Le sentiment des investisseurs est très positif. Par expérience lorsque l’on atteint un niveau de confiance aussi extrême, s’ensuit des phases de correction.

La probabilité que l’on entre dans un vrai « bear market » avec une baisse supérieure à 25 % nous semble extrêmement faible. Les phases de correction devraient conduire à un repli de 5% et 10 %.

Qu’en est-il de votre allocation géographique et sectorielle ?
Aujourd’hui nous préférons les actions européennes aux actions américaines.
Nous aimons la Chine car nous pensons qu’il y a un énorme potentiel de hausse sur les actions chinoises dans la mesure où le gouvernement met en oeuvre des reformes extrêmement importantes depuis 1 ans, qui ne sont pas encore prises en compte par le marché.
Les actions chinoises n’ont, de plus, rien fait depuis 3-4 ans et sont aujourd’hui sous valorisées.

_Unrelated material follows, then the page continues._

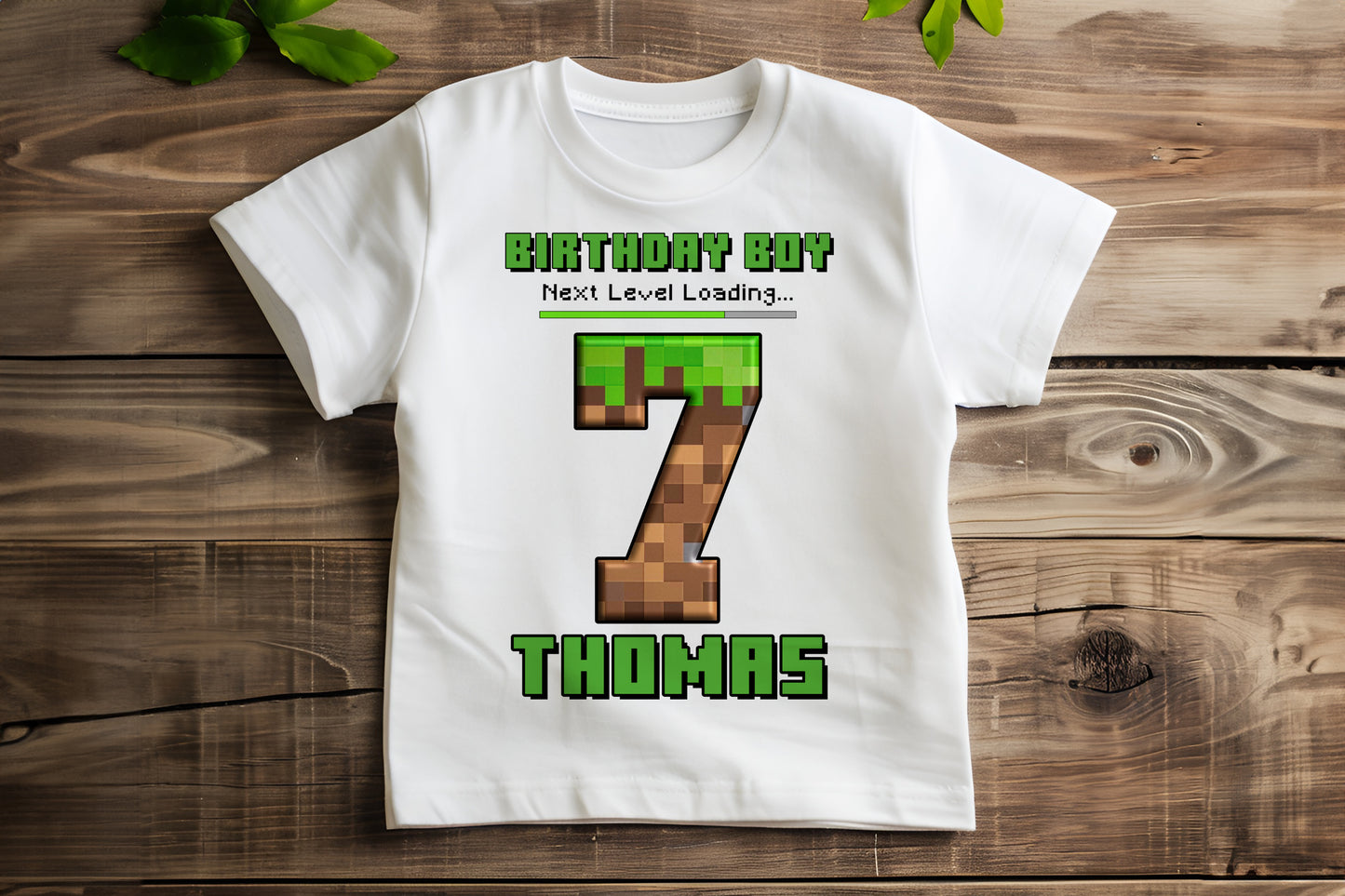 Pixelated Birthday T-Shirt - Craft Mine Gaming Sweater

Nous ne souscrivons pas tellement à l’idée qu’il ne faut pas être positionné sur les actifs émergents. Nous pensons que la croissance plutôt positive dans le monde occidental devrait avoir un impact sur le monde émergent. En outre l'écart de valorisation entre actions émergentes et actions développées est significatif. L’écart entre la performance des actions émergentes et américaines est de 35%, ce qui est énorme.

Il y a cinq ans, les actions américaines et les actions émergentes étaient valorisées a peu près similaires. Les PE étaient environ à 10. La bourse américaine est revenue à son PE historique de long terme autour de 15, ce qui n’a pas été le cas des actifs émergents.
L'Europe de l'est devrait particulièrement tirer avantage du retour de la dynamique dans la zone euro.

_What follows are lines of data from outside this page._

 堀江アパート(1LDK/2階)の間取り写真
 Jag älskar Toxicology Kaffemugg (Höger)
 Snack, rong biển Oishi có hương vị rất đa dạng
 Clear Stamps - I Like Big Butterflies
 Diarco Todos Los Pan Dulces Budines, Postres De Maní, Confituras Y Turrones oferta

Quels sont les principaux risques que vous identifiez et qui pourraient remettre en cause cette allocation ?

Nous accorderions deux chances sur trois à la concrétisation de notre scénario central.

Parmi les risques identifiés, nous trouvons un risque de déflation. Nous avons été quelque peu surpris en 2013 par la faiblesse des taux d’inflation. L’inflation dans la zone euro est inférieure à 1%. Aux Etat Unis le dernier chiffre était de 1.2%. On a donc un risque de déflation à la japonaise plus important en Europe qu’aux Etats-Unis.
Nous pouvons aussi évoquer un risque d’erreur politique. Aux Etats-Unis, Janet Yellen pourrait se tromper dans sa communication et faire déraper les marchés.
Dans la zone euro, il peut également avoir un risque au moment des élections européennes si jamais il y a un rejet vraiment massif des politiques menées dans les grands pays qui va jusqu'à remettre en cause l’existence de la zone euro.

Quelle serait la répartition actions euros actions USA ?

Il y a 50% des actions européennes et 50 % actions internationales dont 30% USA ,10% Japon et 10% émergent.